The number of non-business bankruptcy filings has risen dramatically, from about 300,000 in 1980 to nearly 1.6 million in 2004. Chapter 7 and Chapter 13 personal bankruptcies filed in the 12-month period ending Dec. 31, 2004, totaled 1.59 million, according to the Administrative Office of the U.S. Courts. That’s down from 1.66 million in 2003 but up from 1.5 million in 2002.
Chapter 11 business bankruptcy filings totaled 34,317 in 2004 and were down 2.1 percent from 2003 totals.

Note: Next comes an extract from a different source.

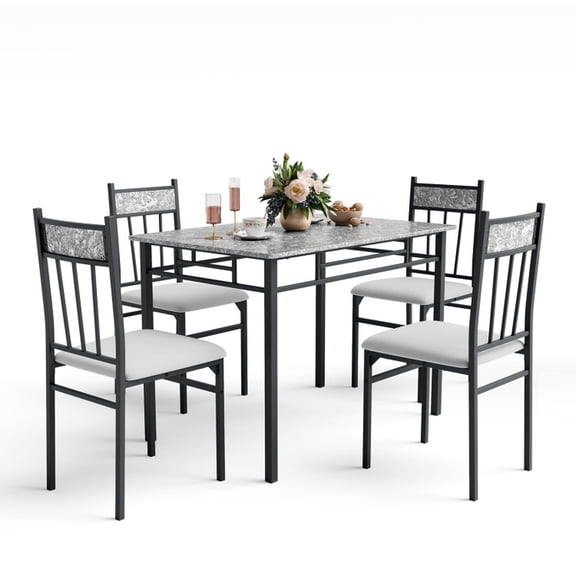 Furnibear Dining Table Set for 4 Faux Marble 5 Piece Kitchen Dining Set with Steel Frame Table and 4 Chairs for Dining Room, Coffee
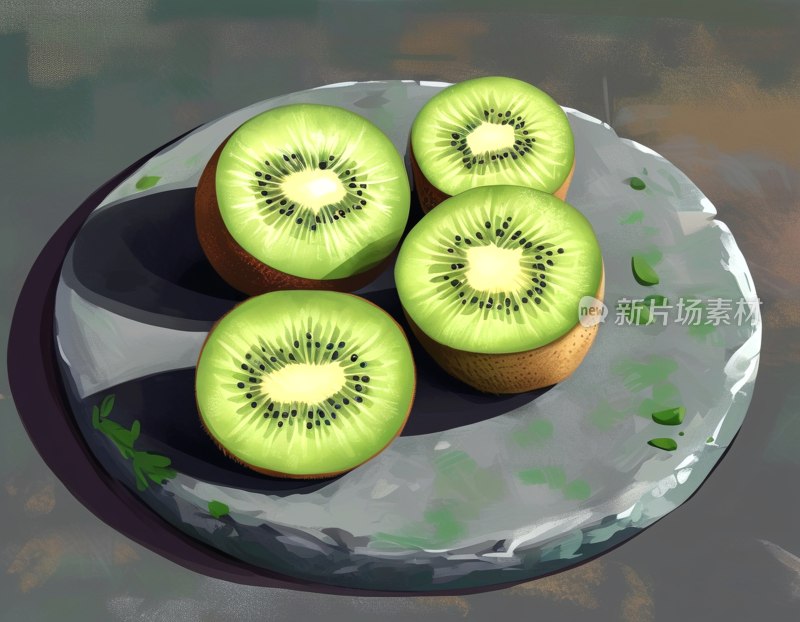 绿心猕猴桃切片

The Federal Deposit Insurance Corp.’s most recent state profile for Michigan (Summer 2005) indicates that Michigan has a rising per capita bankruptcy rate relative to the nation. The rising bankruptcy rate here, according to the FDIC, demonstrates a greater degree of financial stress on Michigan households. The agency suggests that the new law may result in an increase in filings prior to the law’s effective date in October.
Judge Jeffrey R. Hughes of the U.S. Bankruptcy Court for the Western District of Michigan said the most recent reports on bankruptcy filings show an increase in Chapter 7 personal filings in comparison to the number of filings last year, but whether it’s attributable to the impending amendments becoming effective, he doesn’t know.

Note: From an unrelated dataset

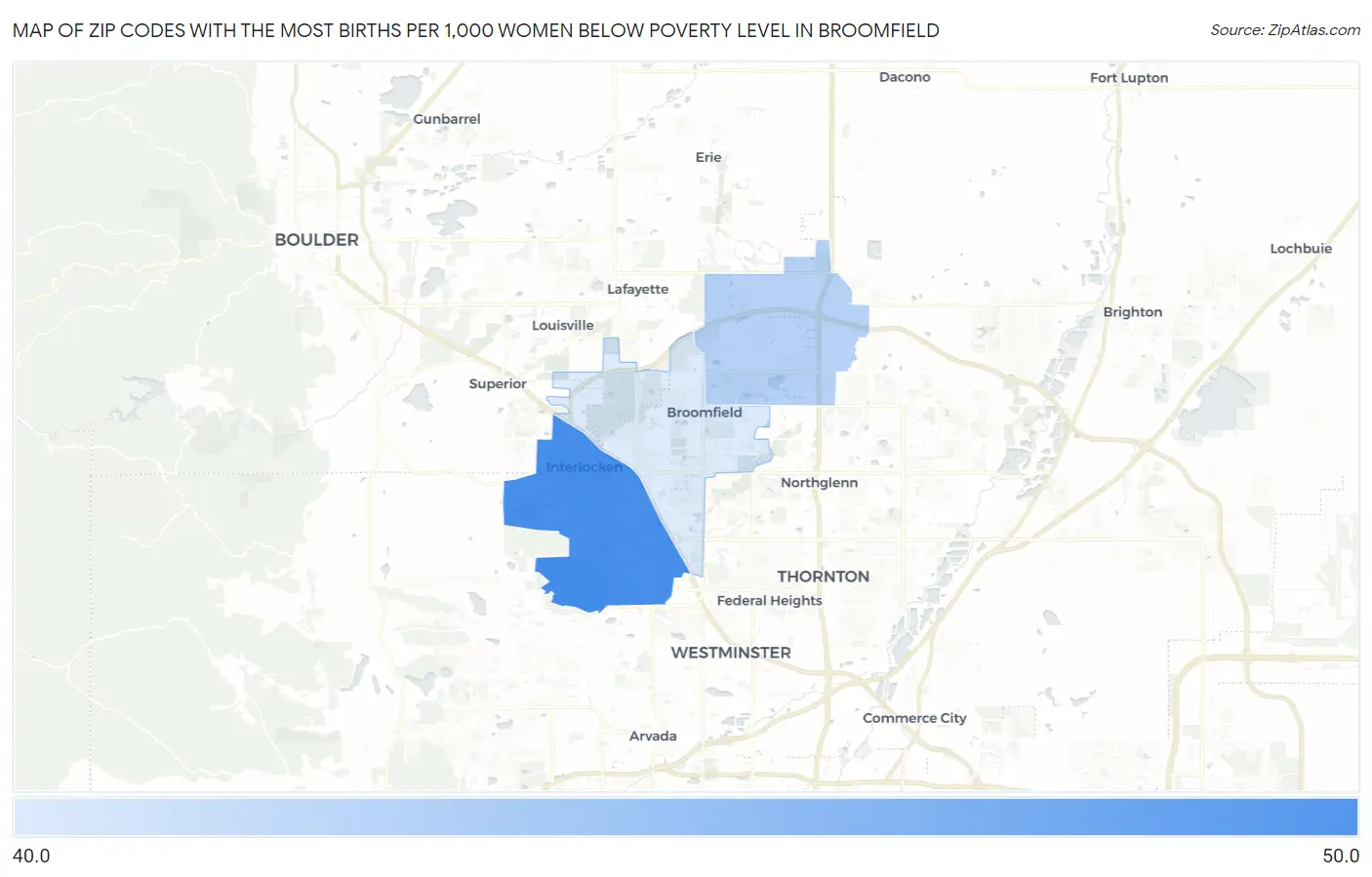 Zip Codes with the Most Births per 1,000 Women Below Poverty Level in Broomfield Map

Under the new law, an individual will no longer be free to choose which type of bankruptcy procedure he wishes, and many will no longer be eligible to file for Chapter 7. There will be a “means test” to determine whether an individual qualifies for Chapter 7 or Chapter 13.
A debtor has to itemize personal living expenses according to IRS standards for delinquent taxpayers. Under Chapter 7, after forfeiting certain assets like investments, the petitioner’s debts are erased. People with insufficient assets or income — people whose income falls below the median income for their state — would still qualify for Chapter 7.
The vast majority of people who file for Chapter 7 are already below the median income, so the means test won’t affect them, said Attorney Robert Wardrop, a principal of Wardrop & Wardrop PC. “But to the extent that someone is a little more well off, what it’s going to do is either force them to, in effect, cut their standard of living to the IRS guidelines or they’re going to avoid filing Chapter 7 and go underground.”
Attorney David Andersen, owner of Andersen & Associates,said that in his 25 years of bankruptcy experience, he has never met anybody that went into debt with the idea that they could just walk away from it by filing for bankruptcy.
“The myth is that if you make bankruptcy tougher, people aren’t going to overdo their spending,” he remarked. “Nobody wants to be in this position. These people are here as a last resort; bankruptcy is their only way out.”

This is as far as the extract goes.